J'avais même tellement de plaisir dans ce travail que la première
fois qu'on m'a invitée à poser ma candidature pour un poste de gestion,
j'ai refusé, de peur de perdre le contact avec les individus. À mes yeux
à l'époque, devenir gestionnaire était incompatible avec mon besoin
profond d'être en contact avec le "vrai monde"…Ce sont mes
collègues et mes supérieurs qui m'ont convaincue que la gestion n'était
pas, loin de là, incompatible avec ma passion de l'humain. Et je suis
heureuse d'avoir accepté car j'ai découvert qu'au contraire, la gestion
n'était pas qu'un simple acte administratif. La dimension humaine est
tout aussi, sinon plus importante.
C'est cette même passion qui m'a guidée quand le ministre de la
Justice m'a demandée de devenir Curatrice publique du Québec. Ce poste,
traditionnellement, avait été occupé par des avocats ou des notaires,
plus préoccupés par l'aspect juridique de la curatelle. Le défi de
remettre l'humain au centre de nos préoccupations, comme organisation
publique, était de taille. Mais quel défi fascinant! J'ai adoré ce
poste.
C'est encore la passion qui m'a incitée, lorsqu'on m'a invitée, à
faire le saut en politique. J'avais le sentiment que cela pouvait être un
véhicule privilégié pour faire avancer mes valeurs, mes idées et ce,
en toute collégialité. Vous me permettrez de partager avec vous une
anecdote: décider de faire de la politique n'est pas un choix facile.

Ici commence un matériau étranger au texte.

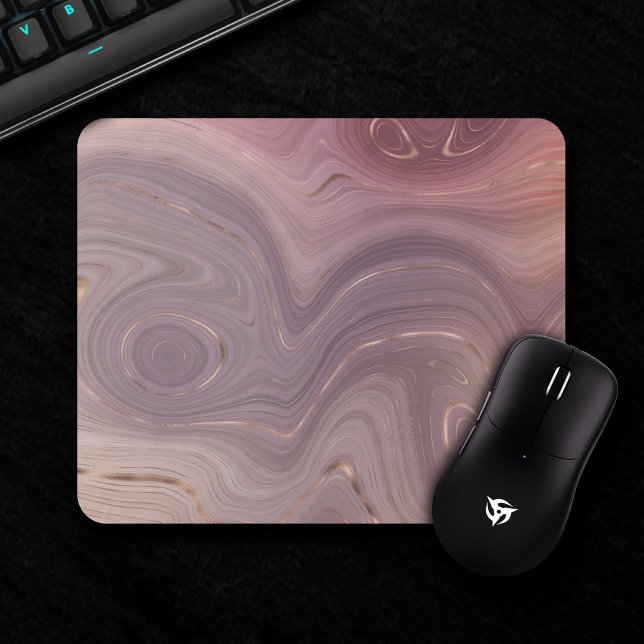 Mauve Strata | Dusty Pink and Rose Gold Agate Mouse Pad (Creator Uploaded)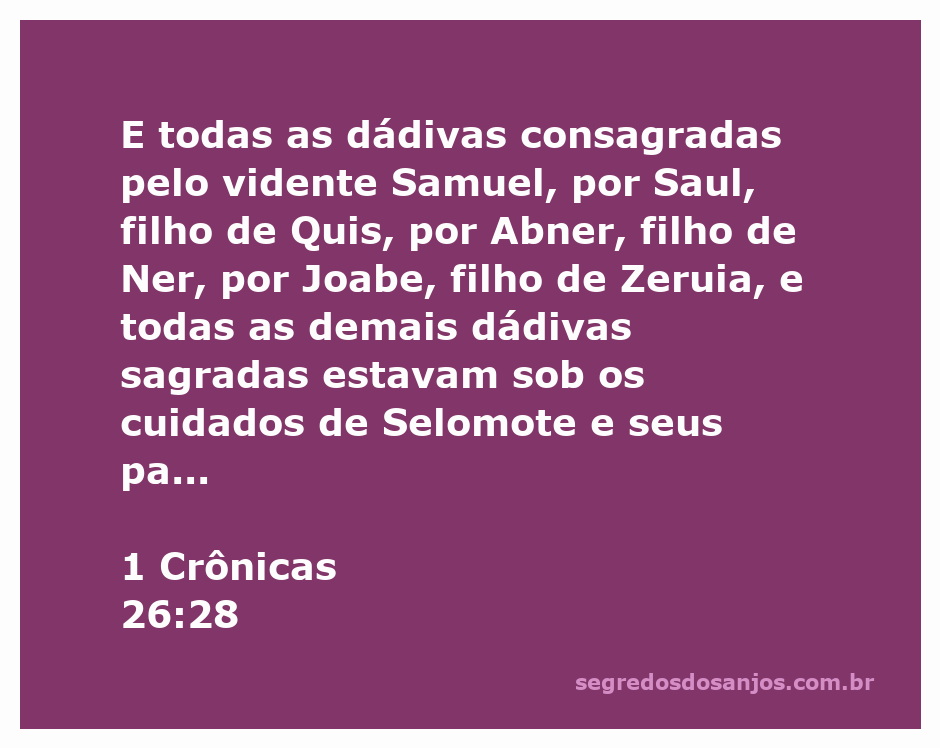 Imagem representativa das dádivas consagradas mencionadas em 1 Crônicas 26:28, destacando a importância das oferendas sagradas na tradição judaica.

L'image des politiciens n'est pas des plus reluisantes, les heures sont
parfois longues, il faut souvent faire une difficile conciliation entre
notre vie familiale et notre travail. Alors que les gens de l'entourage du
Premier ministre du Québec ne me dépeignaient que les beaux côtés du
métier de politicien, la passionnée que je suis a quand même décidé
d'écouter son côté rationnel. J'ai donc rencontré monsieur Bourassa et
je lui ai demandé, naïvement me direz-vous, de me parler des aspects
moins agréables de la vie politique. Je n'oublierai jamais cette
conversation, où il m'a demandé si j'étais capable de vivre avec
l'ingratitude dans la vie. Tout le reste, m'a-t-il dit, s'accepte et se
gère si on a la passion, mais l'ingratitude, parce que c'est une
profession parfois ingrate vous vous en doutez bien, fait en sorte que, si
on ne l'accepte pas, on devient très vite malheureux. J'ai longuement
réfléchi et j'ai accepté de me joindre à son équipe, en toute
connaissance de cause.
J'ai été une privilégiée en politique et j'en suis consciente. J'ai
eu, tout au long de ma carrière de ministre au Québec, des portefeuilles
où j'ai pu assouvir ma passion de l'humain, particulièrement quand j'ai
eu le bonheur de me retrouver à la tête du ministère de l'Education et
de l'Enseignement supérieur. C'est fascinant et motivant de travailler
pour les jeunes et d'être entourée d'une équipe de hauts fonctionnaires
eux-mêmes passionnés par la jeunesse. Ce fut un plaisir professionnel
inoubliable.
Mais nous sommes en démocratie et à l'élection de 1994, les
Québécois ont fait un choix différent. J'étais convaincue, à ce
moment-là, que ma carrière politique était terminée. Pour moi, la
politique n'est pas une fin en soi, mais plutôt un moyen de faire avancer
les choses. Je n'avais donc aucune amertume, puisque la démocratie et
l'expression de celle-ci demeurent au coeur de nos valeurs fondamentales
comme citoyens du Canada.
Puis, le Premier ministre du Canada m'a invitée à me joindre à son
équipe, dans le contexte référendaire. Je n'ai jamais caché mes
convictions: je suis une fière québécoise et canadienne. J'ai donc pu
également aller au bout d'une autre passion: celle de mon pays.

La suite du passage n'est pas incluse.